Your assignment: Extract from the entries below, exactly as given, only the lines from the line containing "this 640×480 image." to the line containing "this 250×188 image.", both lines included.

Information:
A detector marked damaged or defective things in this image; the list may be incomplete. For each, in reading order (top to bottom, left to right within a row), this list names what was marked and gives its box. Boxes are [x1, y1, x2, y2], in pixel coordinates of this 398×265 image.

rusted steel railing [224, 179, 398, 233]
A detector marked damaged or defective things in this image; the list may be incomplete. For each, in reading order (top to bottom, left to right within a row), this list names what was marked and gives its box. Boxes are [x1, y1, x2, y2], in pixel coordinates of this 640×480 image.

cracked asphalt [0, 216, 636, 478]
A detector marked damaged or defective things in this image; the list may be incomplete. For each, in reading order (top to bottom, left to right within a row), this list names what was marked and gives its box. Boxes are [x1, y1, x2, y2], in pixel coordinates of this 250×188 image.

...

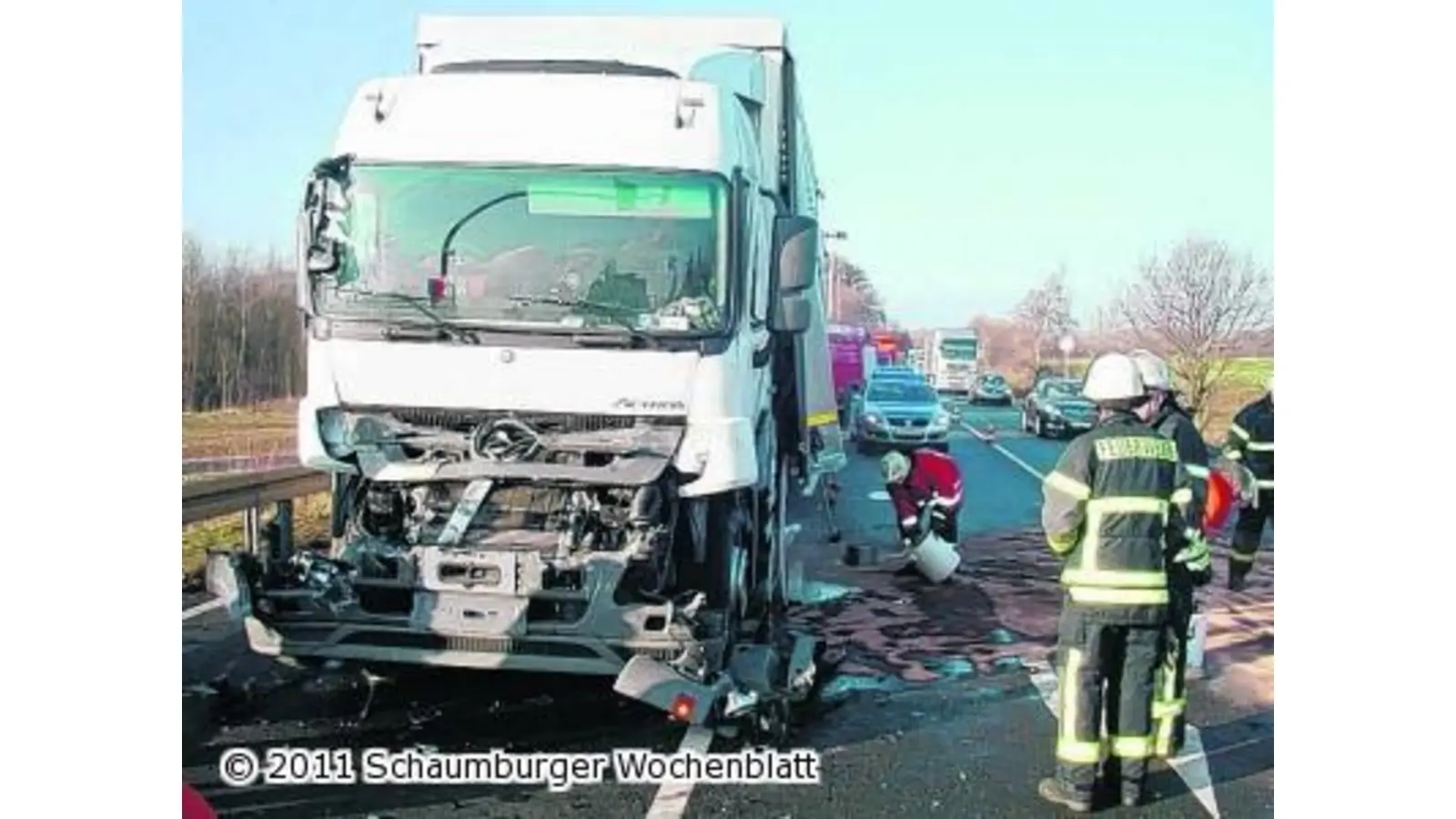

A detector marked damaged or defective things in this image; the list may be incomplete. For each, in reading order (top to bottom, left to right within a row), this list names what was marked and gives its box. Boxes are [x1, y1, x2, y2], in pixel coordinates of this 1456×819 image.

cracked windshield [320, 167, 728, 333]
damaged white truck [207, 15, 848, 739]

Result:
A detector marked damaged or defective things in this image; the list may be incomplete. For each, in reading order (top to bottom, left to right within a row), this list names what was marked and gives its box. Boxes are [x1, y1, x2, y2], in pixel coordinates of this 640×480 image.

cracked asphalt [0, 216, 636, 478]
A detector marked damaged or defective things in this image; the list may be incomplete. For each, in reading order (top to bottom, left to right within a row), this list names what was marked and gives its box. Boxes are [x1, y1, x2, y2], in pixel coordinates of this 250×188 image.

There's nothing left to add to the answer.